* _Task brief_: Here is the task for the listing below: output exactly the lines from the one containing "B &amp; G Figur" through the one containing "Foto - Lionel Hotel Istanbul", and leave out the pictures.

* _Input_:
────
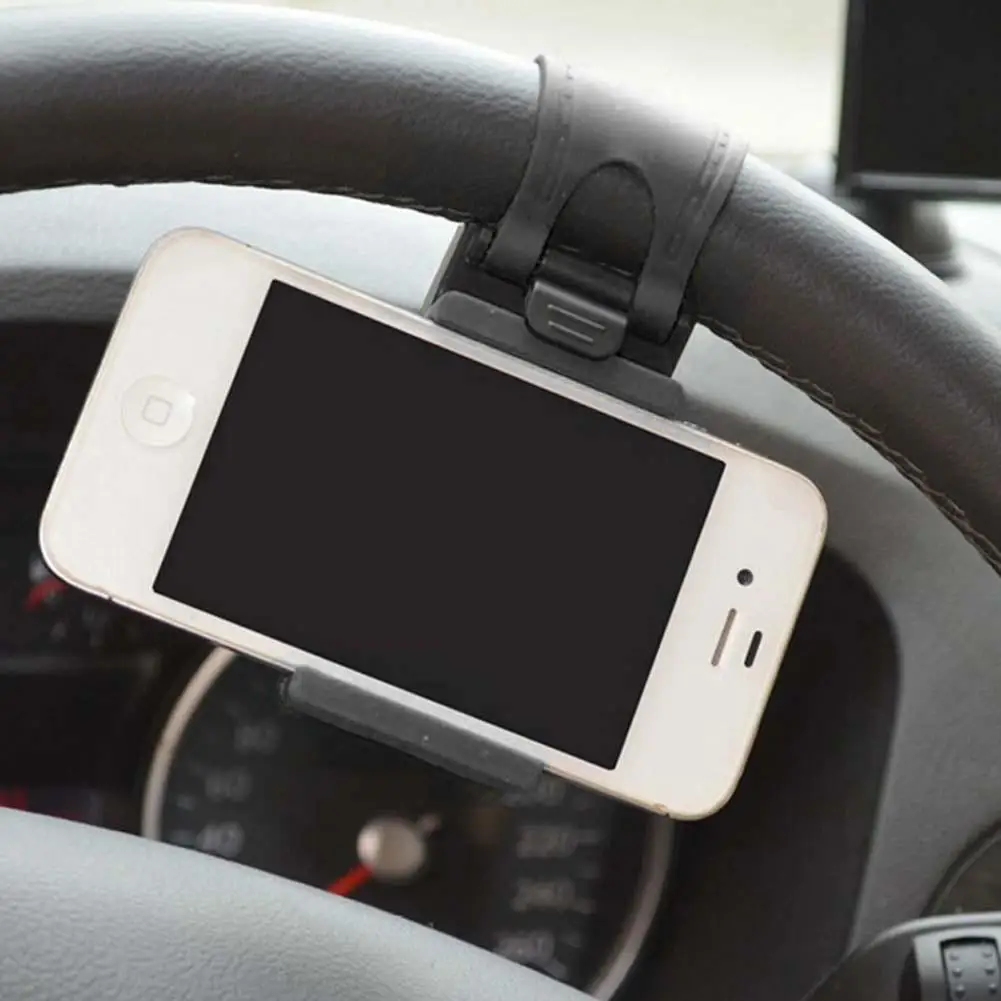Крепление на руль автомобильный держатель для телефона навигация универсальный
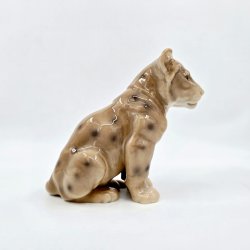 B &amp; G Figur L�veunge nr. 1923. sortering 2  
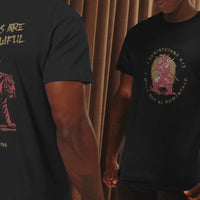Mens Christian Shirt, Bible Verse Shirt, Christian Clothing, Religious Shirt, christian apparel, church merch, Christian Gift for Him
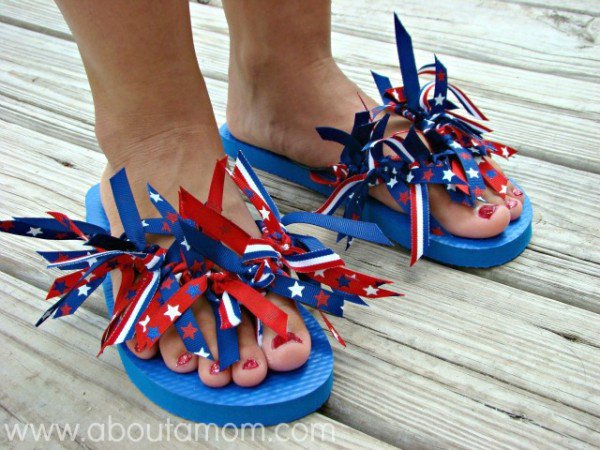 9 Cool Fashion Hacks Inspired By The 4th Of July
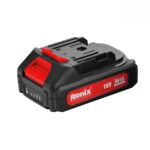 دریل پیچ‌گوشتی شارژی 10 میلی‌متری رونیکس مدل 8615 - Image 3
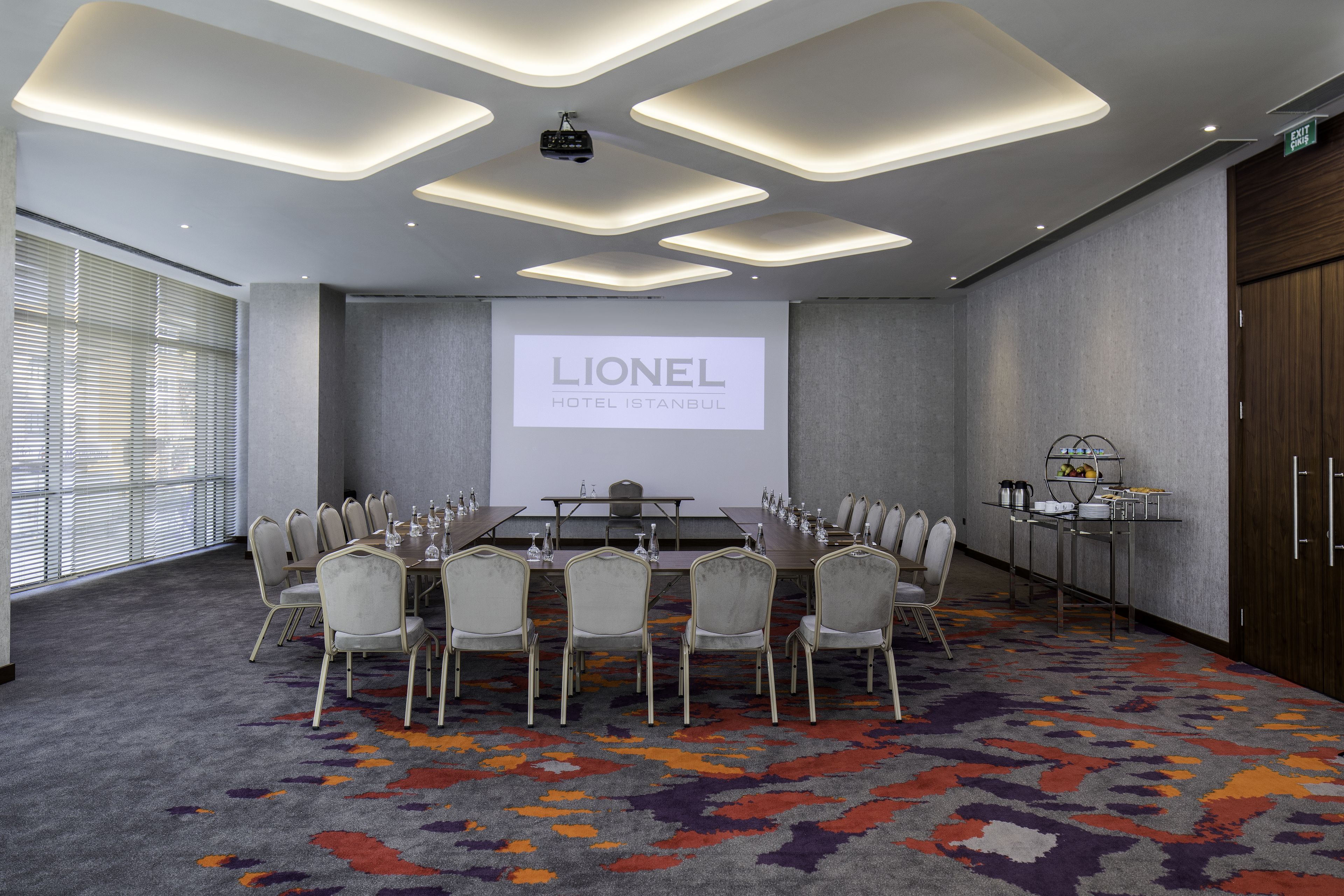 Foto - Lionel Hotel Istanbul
────
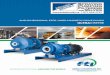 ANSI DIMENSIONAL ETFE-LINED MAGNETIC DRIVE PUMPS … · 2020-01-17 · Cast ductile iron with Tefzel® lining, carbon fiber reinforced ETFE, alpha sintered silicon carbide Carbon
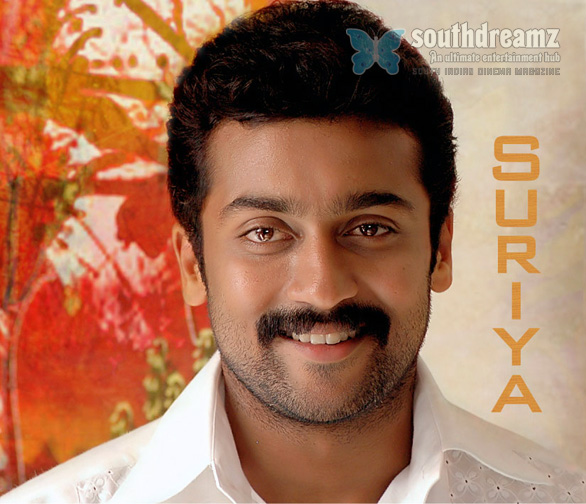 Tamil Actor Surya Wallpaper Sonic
────
* _Solution for this task_:
 B &amp; G Figur L�veunge nr. 1923. sortering 2  
Mens Christian Shirt, Bible Verse Shirt, Christian Clothing, Religious Shirt, christian apparel, church merch, Christian Gift for Him
 9 Cool Fashion Hacks Inspired By The 4th Of July
 دریل پیچ‌گوشتی شارژی 10 میلی‌متری رونیکس مدل 8615 - Image 3
 Foto - Lionel Hotel Istanbul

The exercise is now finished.